[Stored records]

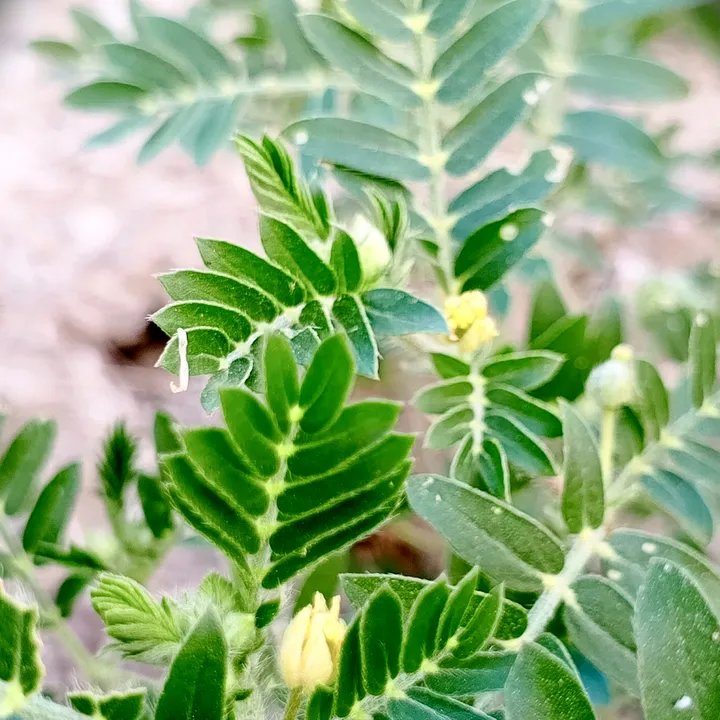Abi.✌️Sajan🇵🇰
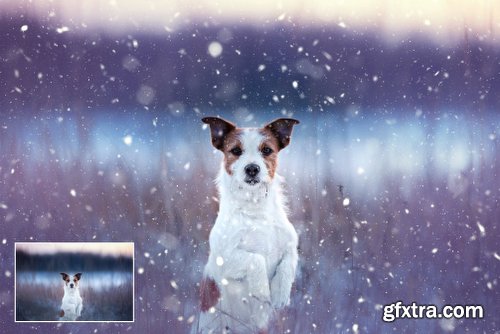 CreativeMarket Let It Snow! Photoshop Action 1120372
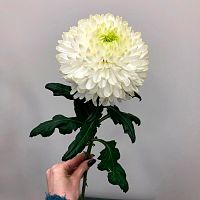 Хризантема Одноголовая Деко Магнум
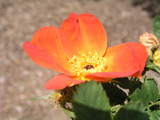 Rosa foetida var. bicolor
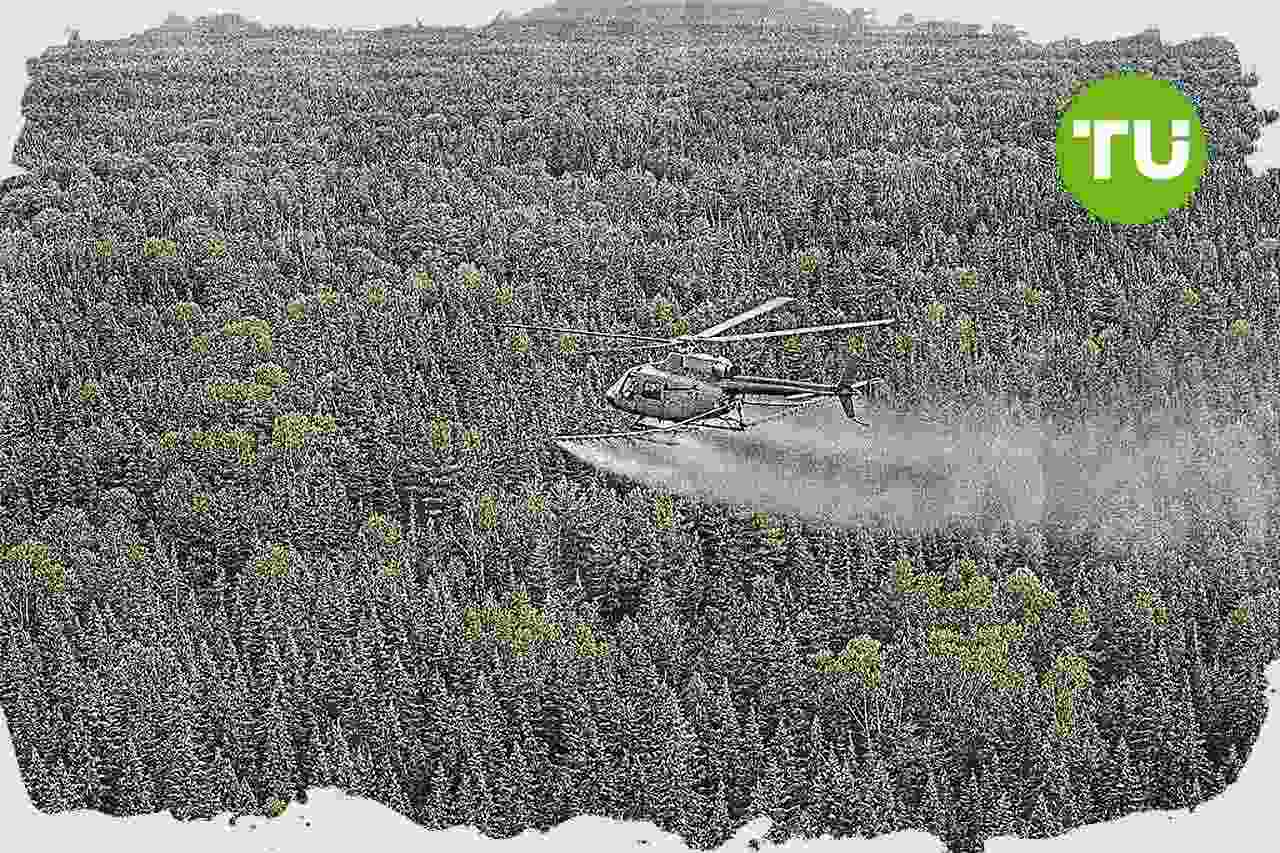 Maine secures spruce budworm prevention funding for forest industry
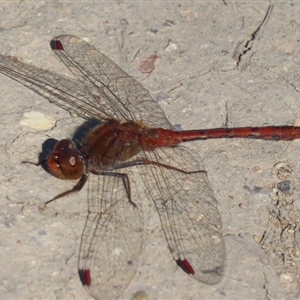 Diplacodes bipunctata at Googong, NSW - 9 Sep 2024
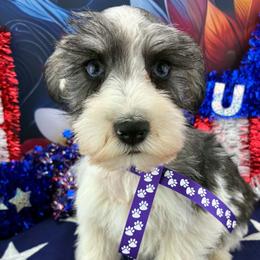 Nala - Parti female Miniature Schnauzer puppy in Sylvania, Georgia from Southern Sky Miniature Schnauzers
...
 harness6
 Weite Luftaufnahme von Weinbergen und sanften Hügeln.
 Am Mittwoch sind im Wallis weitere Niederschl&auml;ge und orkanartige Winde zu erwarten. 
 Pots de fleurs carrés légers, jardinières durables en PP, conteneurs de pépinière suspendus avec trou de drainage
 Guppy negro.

**WHAT YOU NEED TO DO:** Without the pictures, set down the lines above from the line with "Хризантема Одноголовая Деко Магнум" up to and including the line with "Nala - Parti" exactly as they stand.

**REPLY TO THE TASK:**
 Хризантема Одноголовая Деко Магнум
 Rosa foetida var. bicolor
 Maine secures spruce budworm prevention funding for forest industry
 Diplacodes bipunctata at Googong, NSW - 9 Sep 2024
 Nala - Parti female Miniature Schnauzer puppy in Sylvania, Georgia from Southern Sky Miniature Schnauzers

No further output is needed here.